ABUSOS SEXUAIS NA IGREJA

1. Foram duas semanas muito negativas para a imagem da Igreja: casos a mais; denúncias a menos; má gestão da comunicação; deslocação do Patriarca a Roma (Nascer do Sol). Sobre esta visita, há que dizer: primeiro, é uma visita que comprova a gravidade do que sucedeu em Portugal; segundo, se o Patriarca pediu ao Papa a resignação só é de elogiar. Prova que é uma pessoa de carácter. Não se agarra aos lugares como costumam fazer os Ministros.

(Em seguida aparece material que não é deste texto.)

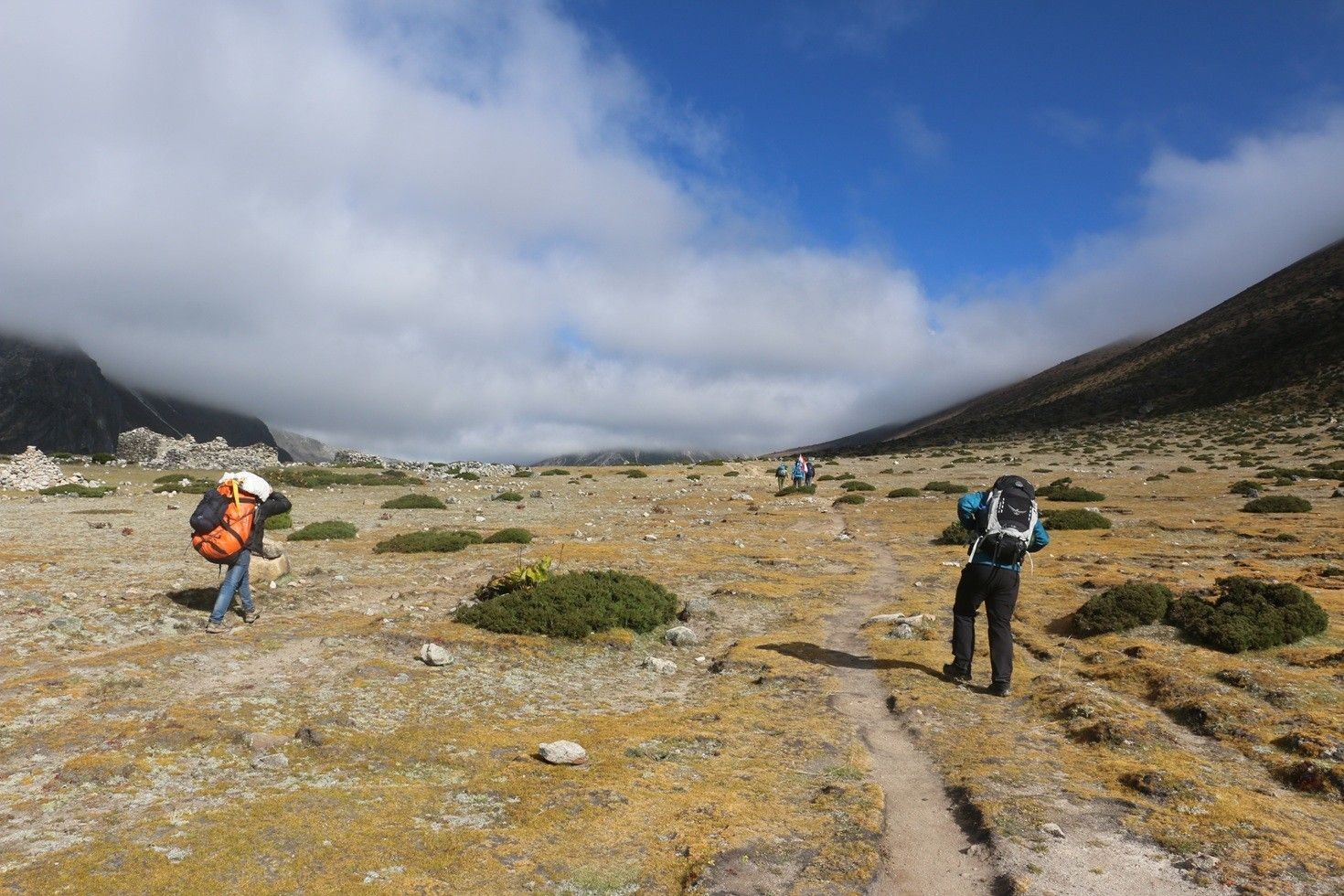 A beginner balancing his boday to adjust the high elevation in Everest region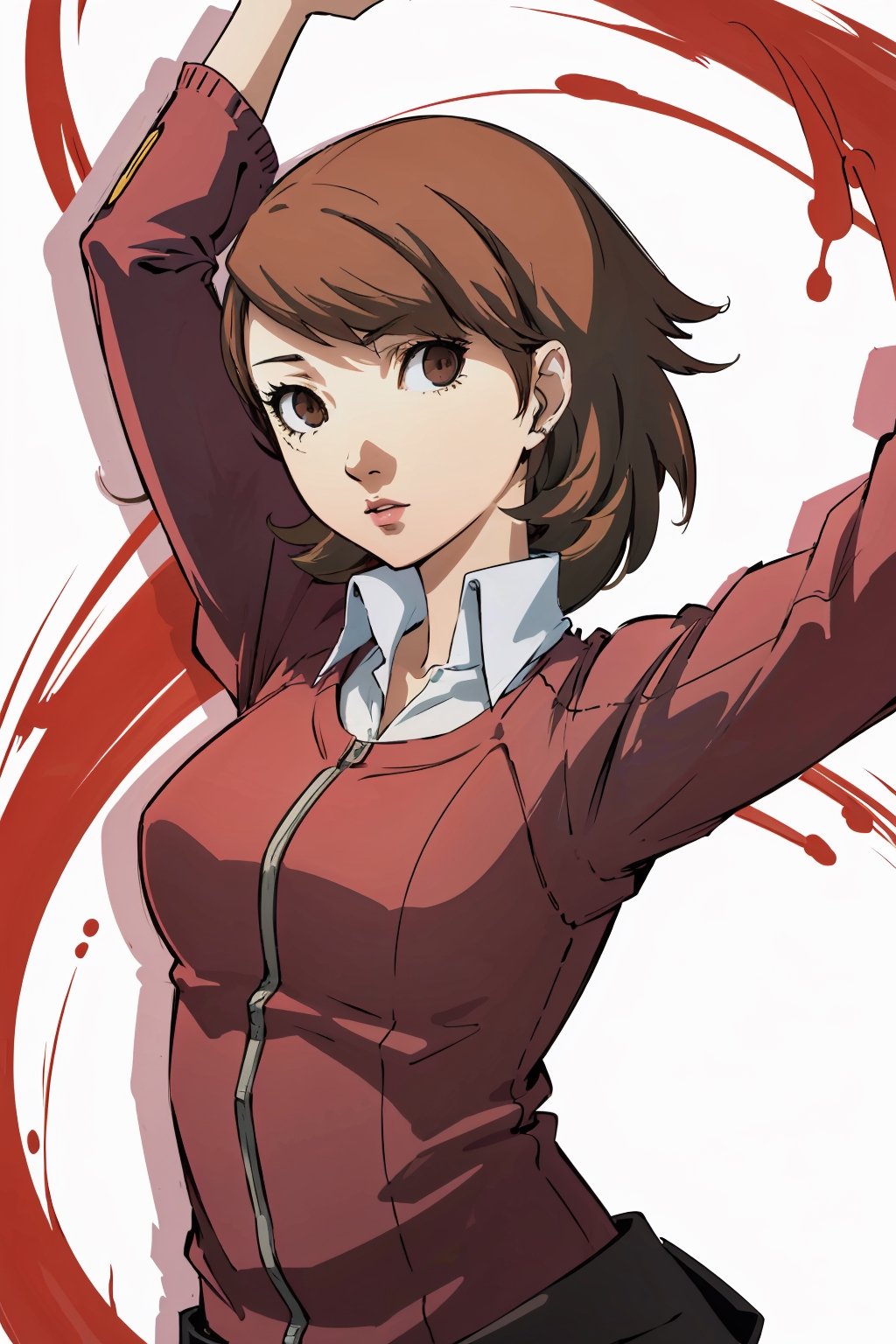 ((masterpiece, best quality)) Persona3Yukari, 1girl, solo, short hair, brown hair, brown eyes, leaning_forward, towards viewer , upper_body,Persona3Yukari,  arching back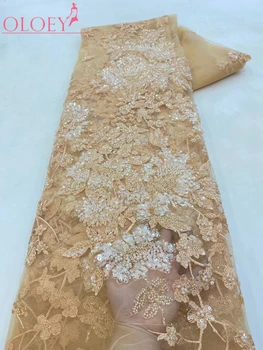 Высококачественная кружевная ткань из французского бисера в африканском стиле с блестками для свадебного платья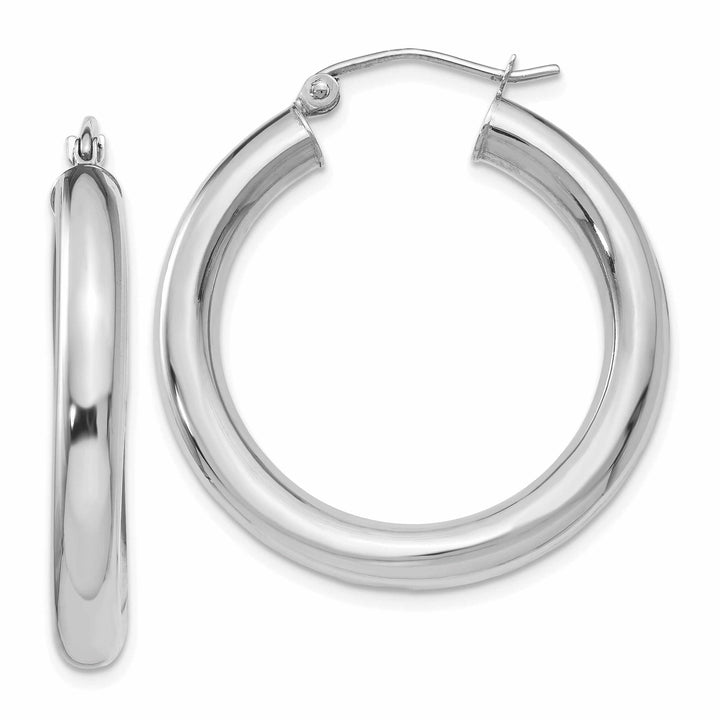 Lovely Rita's Earrings 10K White Gold Polish Lightweight Hoop Earrings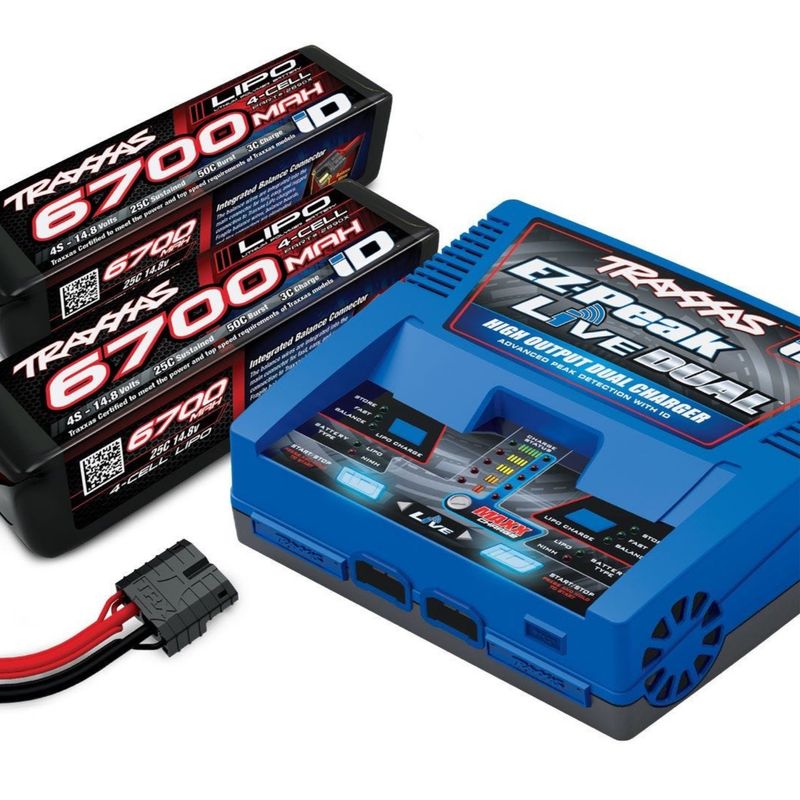 #2997 Traxxas EZ-Peak Live 4S "Completer Pack" Multi-Chemistry Battery Charger w/Two Power Cell 4S Batteries (6700mAh)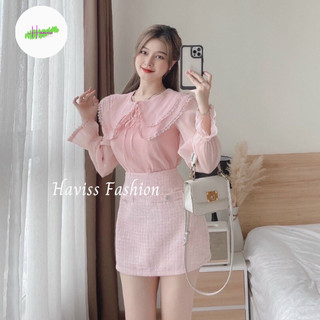 Áo sơ mi nữ dài tay Haviss cổ tròn 2 tầng phối ren dáng dài  thiết kế tiểu thư thời trang đi học, công sở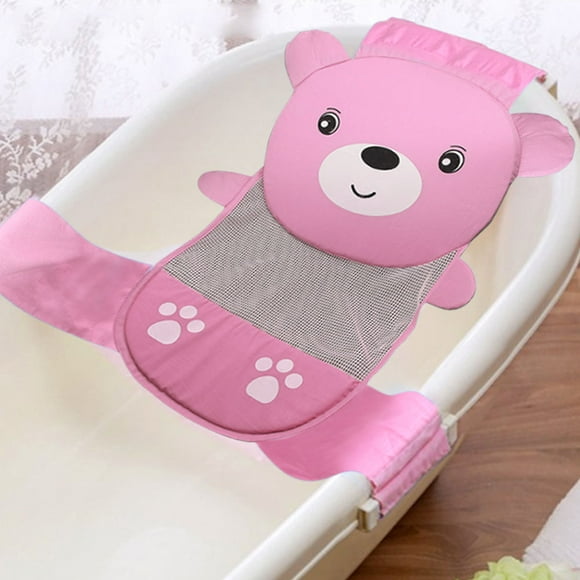 WALFRONT Adjustable Thicken Newborn Baby Bath Seat,Yosoo Adjustable Thicken Newborn Baby Bath Seat Support Net Bathtub Sling Shower Mesh Pink Bear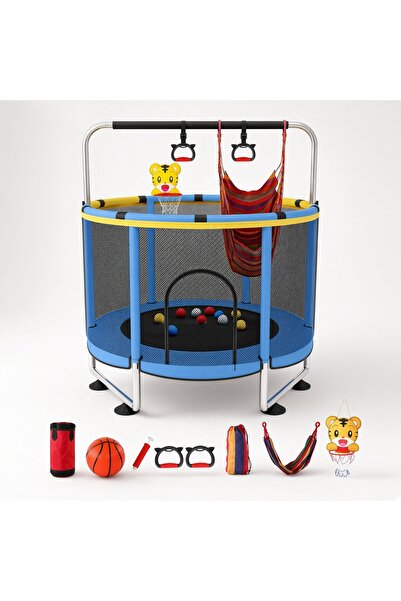 PinkBlue Trambulina Multifunctionala pentru Copii 140 cm x 158 cm, cu Plasa, ...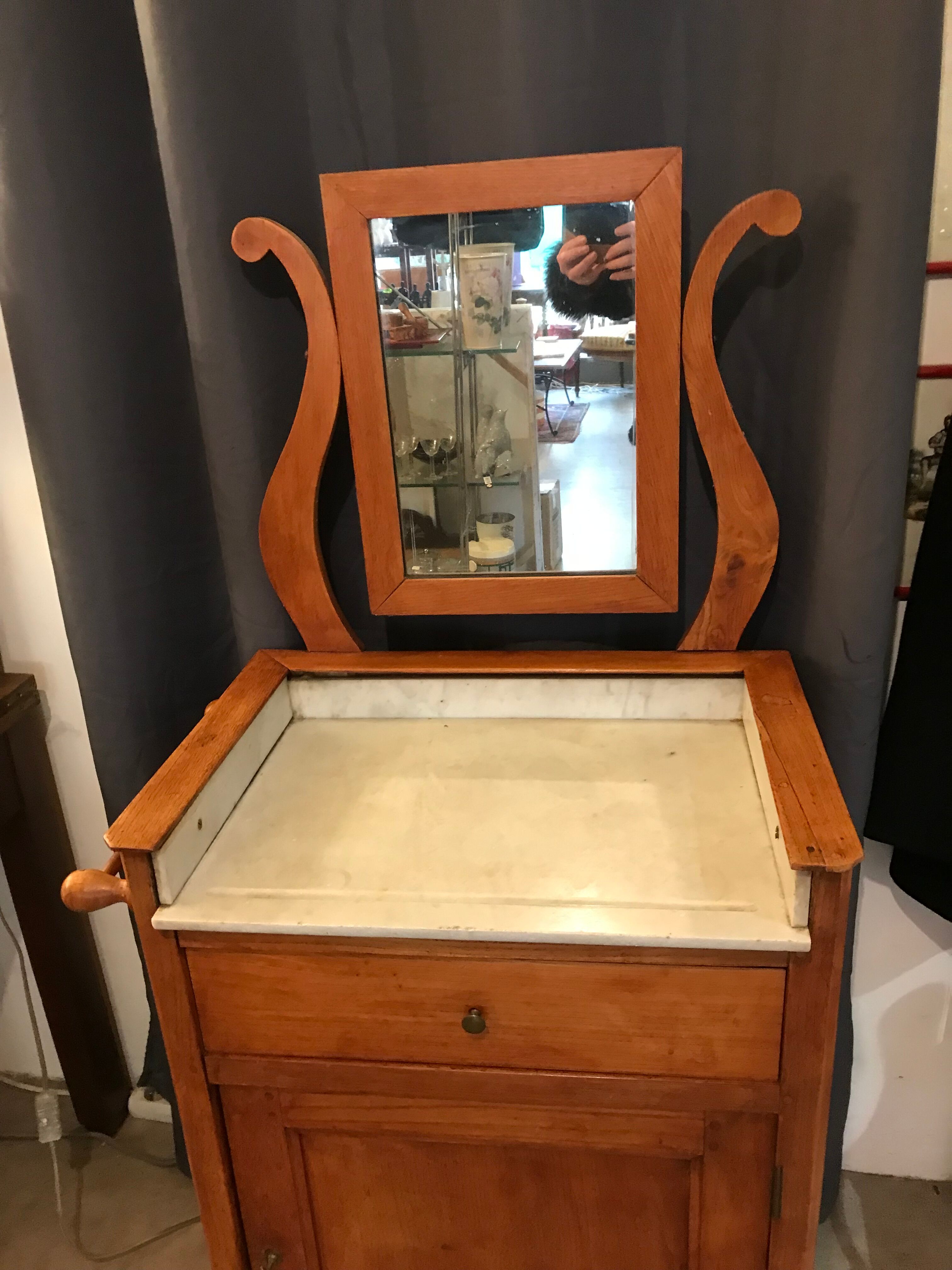 1900 period dressing table pitchpin with marble and mirror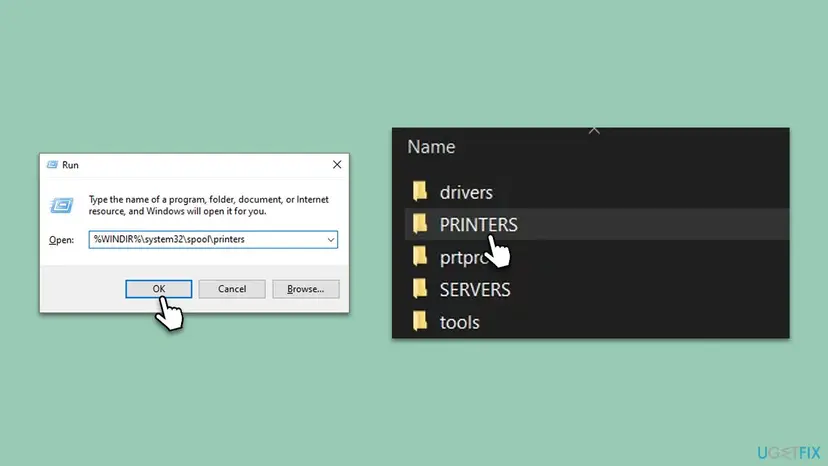 Run box with %WINDIR%\system32\spool\printers typed in and, next to it, the spool folder in File Explorer showing the drivers, PRINTERS, prtprocs, SERVERS and tools folders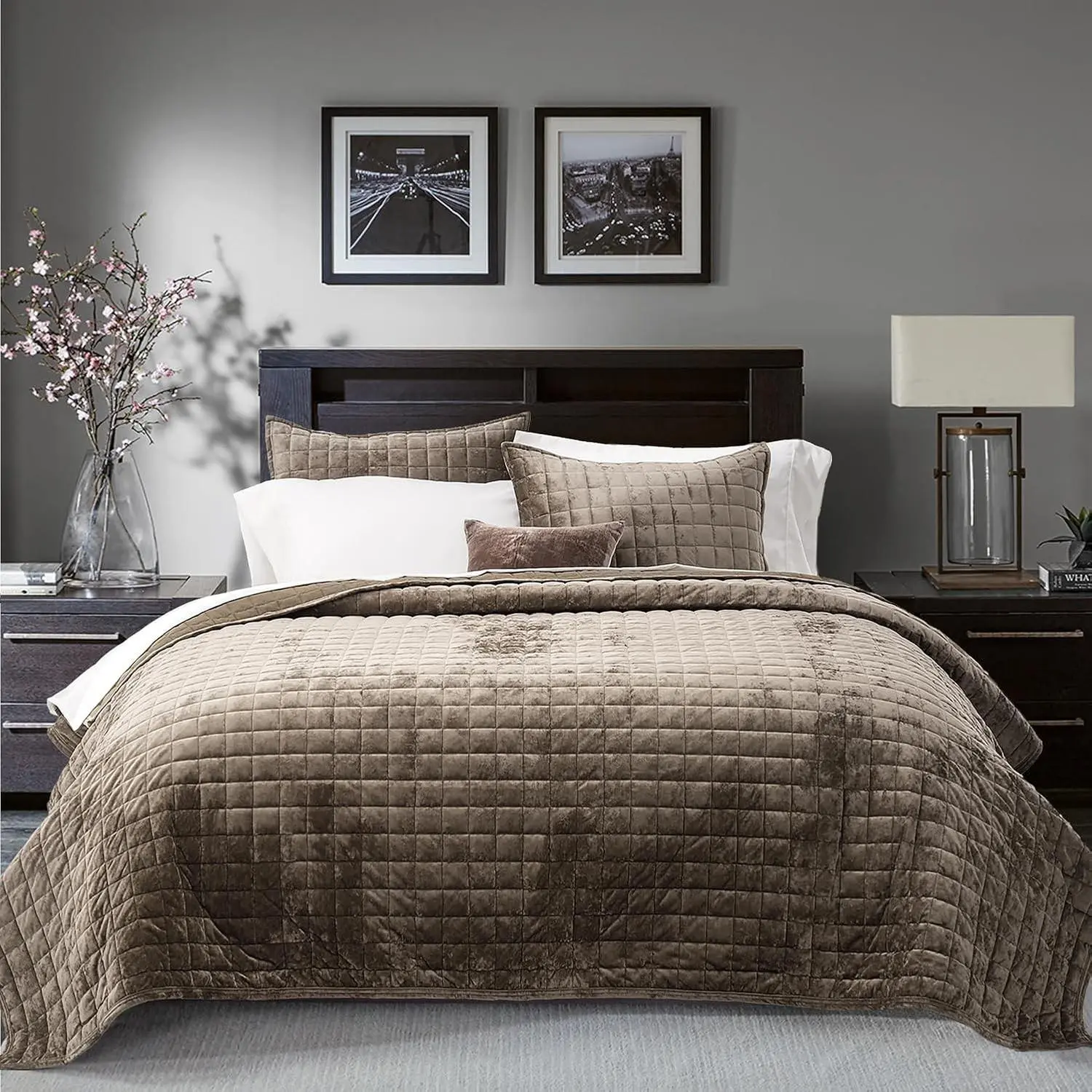 Channel Box Stitch Velvet Quilt Set, King Size, Mocha Brown | Ultra Soft Lightweight Velvet Comforter, Luxury Oversized Bedspread Coverlet, Quilted Bedding Set for All Season with 2 Shams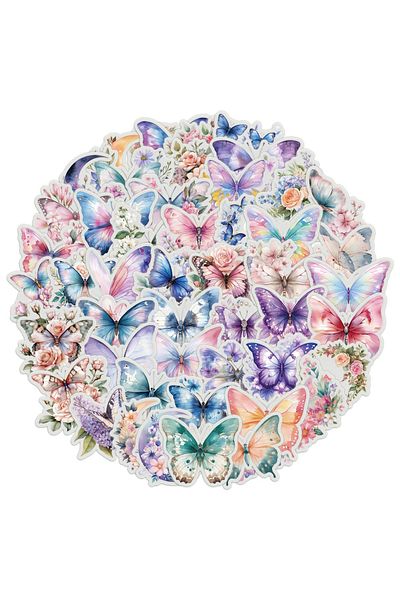 Choice 50pcs 50/100pcs Butterfly Flower Exquisite Stickers Cartoon Color High Beauty Handbooks Phone Cases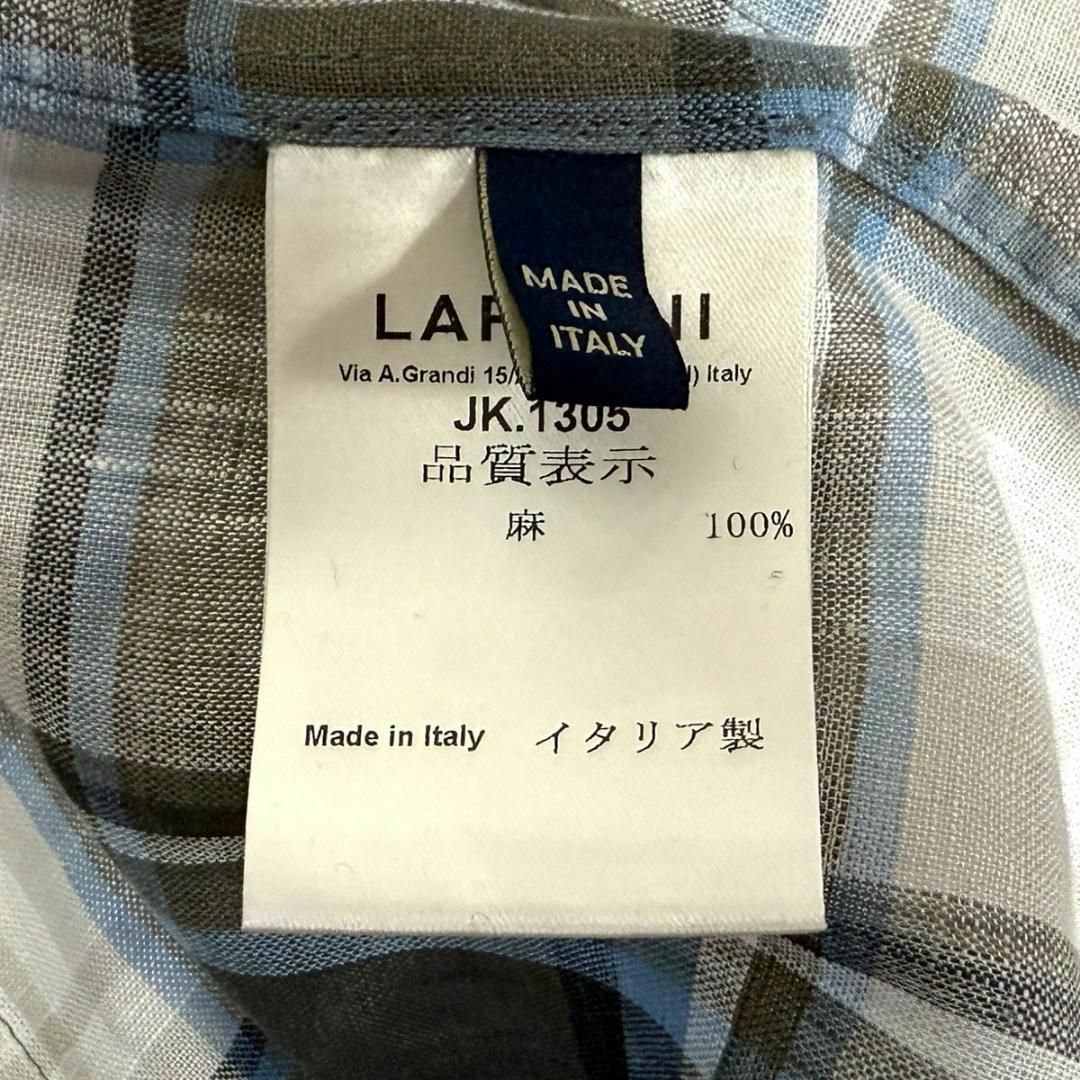 LARDINI - J3035 美品 ラルディーニ リネン100%チェック柄 LARDINI - J3035 美品 ラルディーニ リネン100%チェック柄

2. A Igreja, para recuperar destas duas semanas, precisa de agir com firmeza em três vertentes: não esconder; não desvalorizar; incentivar a investigação.
• Não esconder significa apostar na verdade e na transparência. Foi o que fez o Papa Francisco. Alguns padres e bispos podem "torcer o nariz". Mas o Papa tem toda a razão. Só a verdade e a transparência dão autoridade moral.
• Não desvalorizar a situação. Claro que Portugal não terá tantos casos de abusos sexuais como sucedeu noutros países. Mas um único caso que seja é grave. Um só padre que abusa de uma criança é um mau exemplo. Se não for sancionado, contamina toda a instituição.
• Incentivar a investigação. O que a Igreja mais deve pretender nesta ocasião é que a Comissão Independente faça um bom trabalho e um trabalho profundo. Antes da visita do Papa Francisco a Portugal, daqui a um ano, o trabalho desta Comissão é um fator essencial para a Igreja reganhar autoridade e credibilidade.


AS NOVIDADES DA BAZUCA

1. O PRR está atrasado ou não na sua execução? Os últimos números, do relatório de monitorização de 27 de Julho, sugerem duas respostas distintas:
• Primeiro, o PRR não está atrasado no volume de contratualização já efetuada. O Estado já contratualizou 6.450 milhões de euros (39% do total da bazuca). E ainda não estamos a meio do seu horizonte temporal (2023).
• Segundo, em matéria de pagamentos, o atraso é significativo. Até ao momento só chegou aos destinatários finais e diretos o valor de 751 milhões de euros (4,5% do total da bazuca). Em qualquer caso, não parece um atraso preocupante. É habitual no início destes processos. A recuperação virá a seguir.

2. E como está a relação Estado/empresas em termos de pagamentos do PRR? Aqui, sim, a diferença é flagrante e preocupante: tudo quanto é Estado tem uma clara vantagem sobre as empresas e as famílias. Isto tem a ver com o "defeito de fabrico" do PRR: discriminou as empresas em claro favor do sector público. Vejamos:
• Estado, autarquias, escolas e universidades receberam até agora 677 milhões (90% do total dos pagamentos efectuados);
• Empresas, IPSS e famílias receberam apenas 74,4 milhões (10% do total dos pagamentos feitos);
• As empresas receberam apenas 13 milhões (1,7%);
• Há um peso excessivo do Estado. E uma discriminação clara contra as empresas.